Cristian Alarcón. Télam.-

La muerte vino como viene una mano larga y flácida que la suelta a doña Eli, justo cuando la correntada empuja, y la deja sola, en medio de la noche, mientras el ruido de la furia lo ocupa todo. La lluvia golpea en los techos, la correntada increíble se desplaza puertas y ventanas adentro de las 314 casas del barrio, hasta alcanzar el metro setenta volviéndola a sus 88 -encorvada por el reuma, sorda, ayudada por un bastón- más pequeña aún; tan silente como una muñeca que no puede evitar el naufragio. En el fondo del barrio, cerca de la calle Melián, último pasillo, su vecino Gustavo Sánchez, de 27, macizo como buen fletero que levanta muebles de lunes a viernes, hizo lo que pudo: llevó a su familia al techo de una casa un poco más allá, sacó a los tres perros que se ahogaban en el comedor, y escuchó en medio del sordo barullo del temporal, la voz clara de doña Eli, la vecina más querida de la cuadra, la mujer que preparaba las mejores empanadas árabes de Barrio Mitre.
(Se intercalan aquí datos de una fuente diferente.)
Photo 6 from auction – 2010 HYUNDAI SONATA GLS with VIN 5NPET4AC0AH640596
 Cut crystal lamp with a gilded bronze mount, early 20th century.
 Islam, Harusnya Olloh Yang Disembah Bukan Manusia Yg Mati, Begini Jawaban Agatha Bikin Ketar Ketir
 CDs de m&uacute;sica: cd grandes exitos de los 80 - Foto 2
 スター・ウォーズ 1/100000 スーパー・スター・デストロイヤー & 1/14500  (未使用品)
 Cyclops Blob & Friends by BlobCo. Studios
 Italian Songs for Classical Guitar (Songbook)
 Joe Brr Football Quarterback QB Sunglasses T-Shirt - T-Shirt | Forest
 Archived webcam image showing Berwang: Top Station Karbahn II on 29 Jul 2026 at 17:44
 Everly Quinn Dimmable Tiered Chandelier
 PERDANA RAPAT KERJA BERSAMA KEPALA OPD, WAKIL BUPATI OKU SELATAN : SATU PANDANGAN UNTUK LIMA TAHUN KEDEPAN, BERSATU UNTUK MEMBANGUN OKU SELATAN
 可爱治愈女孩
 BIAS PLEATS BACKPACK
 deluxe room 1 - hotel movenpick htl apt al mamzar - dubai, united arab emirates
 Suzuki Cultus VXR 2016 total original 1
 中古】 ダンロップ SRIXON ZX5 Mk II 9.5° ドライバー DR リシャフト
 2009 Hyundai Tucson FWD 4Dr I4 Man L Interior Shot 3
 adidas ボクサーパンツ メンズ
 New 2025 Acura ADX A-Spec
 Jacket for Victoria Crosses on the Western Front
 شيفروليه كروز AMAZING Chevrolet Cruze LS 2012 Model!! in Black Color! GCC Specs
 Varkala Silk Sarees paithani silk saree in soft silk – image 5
Con su amigo Maxi intentaron entrar por el frente de esa casa celeste; no pudieron abrir. Les llevó unos minutos llegar por una claraboya del techo.  La rompieron, se lanzaron. El agua, helada, salía a borbotones del inodoro. Avanzaron a tientas hasta el living. “Y ahí la encontramos flotando boca abajo. Había muerto ahogada, pobrecita la Abuela”. La llamaban Doña Eli. Se llamaba Olivera Aduviges.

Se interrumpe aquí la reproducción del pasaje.